The present inventor has newly established an ex vivo culture system for producing extracellular vesicles for hair loss treatment that has the efficacy of normalizing the hair cycle and improving blood circulation, regardless of various causes of hair loss, such as genetic and hormonal factors by applying an ex vivo culture matrix containing various extracellular matrix components secreted from human dermal fibroblasts and adipose-derived stem cells to the established ex vivo culture conditions for inducing immune tolerance properties, particularly in order to obtain extracellular vesicles that contain various factors involved in the formation and development of hair follicles much more abundantly by using fetal stem cells before the 15th week of pregnancy, which is the period when scalp hair follicles are formed.

It was verified that the immune-tolerized fetal stem cell-derived extracellular vesicles for hair loss treatment produced by the newly established ex vivo culture system do not induce immune rejection due to their own immunogenicity, as well as contain miRNA components that suppress the expression of DKK1 gene, which induces hair loss, components that promote hair follicle formation and development, normalize the hair cycle, and induce transition to the anagen phase by inhibiting bone morphogenetic protein (BMP) signaling, which maintains HFSCs in a quiescent state to inhibit differentiation into hair follicle cells and maintains quiescent hair follicles, and activating Wnt/β-catenin signaling, and components that promote the improvement of blood circulation at much higher levels compared to extracellular vesicles produced under general culture conditions and ex vivo culture conditions inducing immune tolerance properties, and have superior efficacy in normalizing the hair cycle and treating hair loss through human efficacy evaluation targeting patients with hair loss, whereby the present invention has been completed.
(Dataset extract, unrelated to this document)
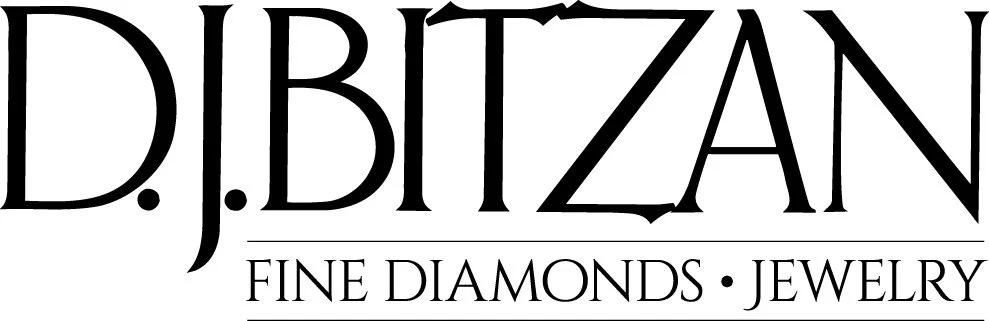Logo for D.J. BIZAN Fine Diamonds Jewelry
The embodiments of the present invention described above have been described with reference to embodiments illustrated in the drawings to help understanding, but these are merely exemplary, and those skilled in the art will appreciate that various modifications and equivalent other embodiments are possible from this. Therefore, the true technical protection scope of the present invention should be defined by the appended claims.